PROBLEM DESCRIPTION —
From the first line of the listing below, retype each line up to and including the one with "Статуэтки девушки Рука"; pictures stay out.

EXCERPTED RECORDS —
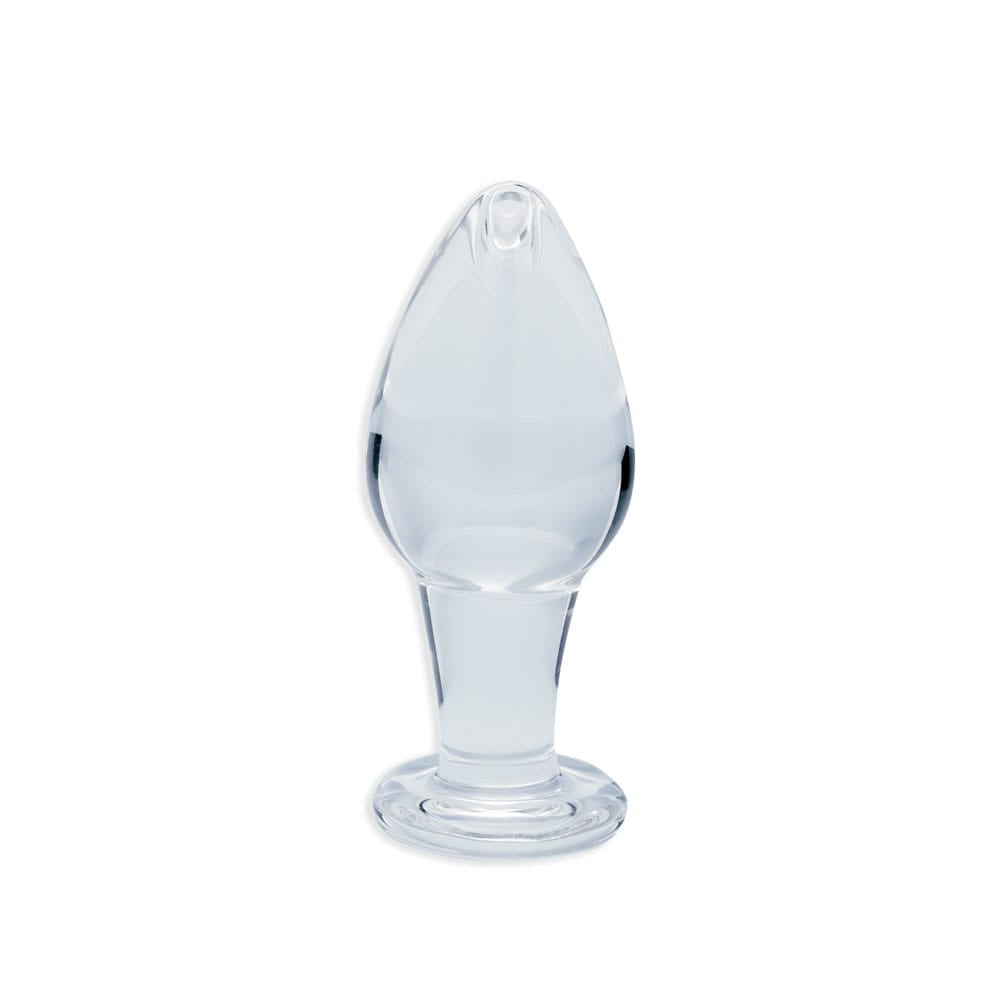 Clarity - Utopian Bud - Clear 8.9 cm Glass Butt Plug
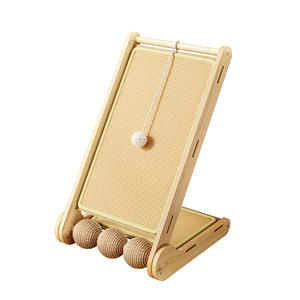 Panneau de densité en bois massif Cat Scratcher Sisal Jute Matériel Résistant à l'usure No-Crumbs Cat Claw Board Colonne de préhension verticale pour - Product Image 1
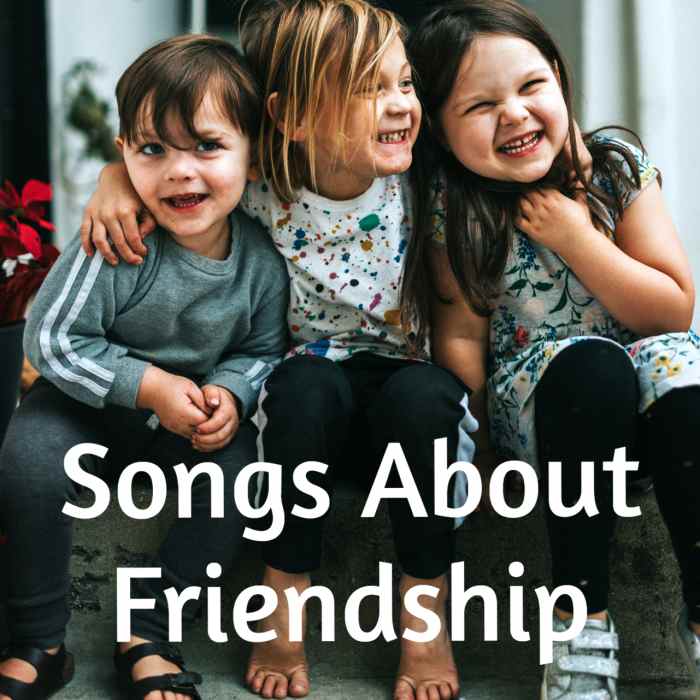 86 Songs About Best Friends and Friendship Spinditty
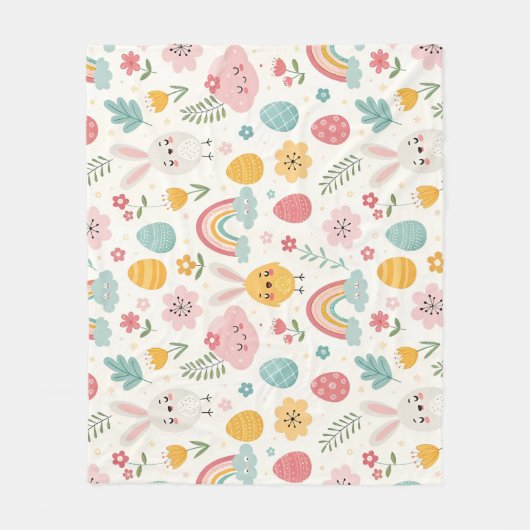 Ostersonnenmuster Fleecedecke (Vorderseite)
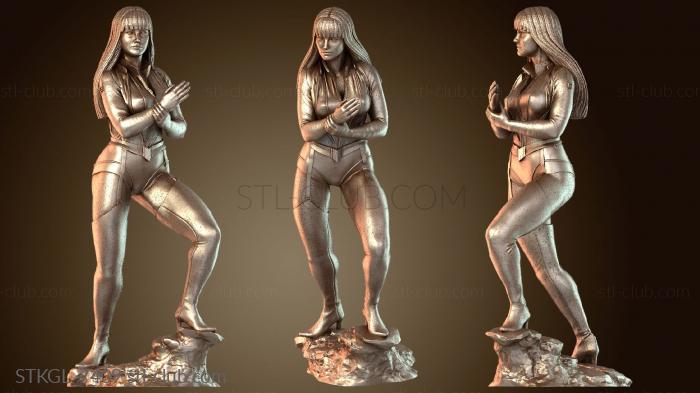 Статуэтки девушки Рука Шелкового Призрака Стражей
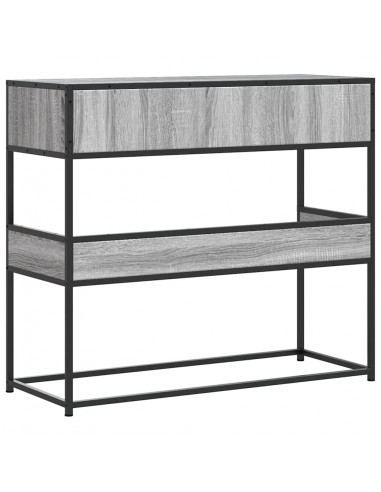 Tavolo Consolle Rovere Sonoma 90x35x80 cm in Legno Multistrato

EXERCISE OUTPUT —
 Clarity - Utopian Bud - Clear 8.9 cm Glass Butt Plug
 Panneau de densité en bois massif Cat Scratcher Sisal Jute Matériel Résistant à l'usure No-Crumbs Cat Claw Board Colonne de préhension verticale pour - Product Image 1
 86 Songs About Best Friends and Friendship Spinditty
 Ostersonnenmuster Fleecedecke (Vorderseite)
 Статуэтки девушки Рука Шелкового Призрака Стражей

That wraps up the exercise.